/cpn

causal phenotype networks

Primary LanguageProlog

Background

Existing phenotype ontologies are arranged as simple classification hierarchies, with broader phenotype terms subsuming more specific ones. One notable feature of this design is that the classification of the phenotype is conflated with causal information connecting phenotypes. For example, the abnormal development of a thyroid gland is classified as a type of thryoid gland morphology.

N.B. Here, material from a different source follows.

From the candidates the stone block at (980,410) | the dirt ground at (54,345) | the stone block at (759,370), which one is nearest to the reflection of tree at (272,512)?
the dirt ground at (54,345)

This is not a problem when using a phenotype ontology for search or simple grouping, but can pose problems when we try and use automated techniques to build phenotype ontologies or connect genes to phenotypes.

For example, as seen in this subset of the Mammalian Phenotype (MP) ontology:

  is_a MP:0005379 ! endocrine/exocrine gland phenotype
   is_a MP:0002163 ! abnormal gland morphology
    is_a MP:0000681 ! abnormal thyroid gland morphology
     is_a MP:0002951 ! small thyroid gland
     is_a MP:0003421 ! abnormal thyroid gland development ***
     is_a MP:0004663 ! athyroidism
     is_a MP:0004696 ! abnormal thyroid follicle morphology
     is_a MP:0004698 ! abnormal thyroid parafollicular C-cell morphology
     is_a MP:0005355 ! enlarged thyroid gland
     is_a MP:0013162 ! abnormal thyroid gland isthmus morphology
     is_a MP:0013233 ! ectopic thyroid gland

The highlighted term is a developmental (process) term alongside and under a morphology term. The relationship between the development of the gland and its morphology is one of causation, rather than subtype.

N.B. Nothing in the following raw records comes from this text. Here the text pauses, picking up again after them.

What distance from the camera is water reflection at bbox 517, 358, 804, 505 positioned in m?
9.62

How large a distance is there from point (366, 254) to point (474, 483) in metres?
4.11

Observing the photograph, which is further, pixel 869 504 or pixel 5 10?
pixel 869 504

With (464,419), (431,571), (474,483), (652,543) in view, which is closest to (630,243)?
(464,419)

For this subset of the Human Phenotype (HP) ontology:

   is_a HP:0001939 ! Abnormality of metabolism/homeostasis
    is_a HP:0010932 ! Abnormality of nucleobase metabolism
     is_a HP:0004352 ! Abnormality of purine metabolism
      is_a HP:0004368 ! Increased purine levels ***
      is_a HP:0004369 ! Decreased purine levels ***
      is_a HP:0010933 ! Abnormality of xanthine metabolism
      is_a HP:0011814 ! Increased urinary hypoxanthine

The highlighted terms are amount (object) terms alongside and under a process term. The relationship between purine levels and purine metabolism is one of causation, with abnormalities in metabolism resulting in abnormalities in levels.

Furthermore, this structure doesn't give us an easy means of answering the question as to the effects of mutating genes known to be involved in the GO biological process 'purine nucleotide biosynthesis' (loss of this gene may lead to decreased levels, a gain of function mutation may lead to increased levels), or 'purine nucleotide catabolism' (having the opposite effect).

Furthermore, it can be argued that the generic structure of placing "X level" phenotypes under "X metabolism" is incorrect, because changes in the levels of a substance are not necessarily due to changes in metabolism - the changes may be due to abnormalities in import of export of the substance.

CPN

We have created a phenotype ontology CPN (Causal Phenotype Network) that separates the classification of a phenotype from its causal effect. Specifically, phenotypes that are due to processual changes form a disjoint hierarchy from those that are due to changes in attributes of physical objects such as chemical concentrations, cellular and organ morphology. The ontology is constructed by an automatic process using knowledge encoded in ontologies such as GO and UBERON.

CPN is species-neutral, and is intended to be used as a module by existing phenotype and trait ontologies. It can easily slot into existing OWL-based phenotype development workflows; whilst CPN itself forms disjoint hierarchies, end-product ontologies automatically collapse these distinctions into a simple and familiar subsumption hierarchy.

CPN is also extensible to creating sophisticated network models of disease...

Related Work

CPO

Results

Construction of Causal Phenotype Network Ontology

The construction process makes use of knowledge encoded as logical axioms in existing ontologies.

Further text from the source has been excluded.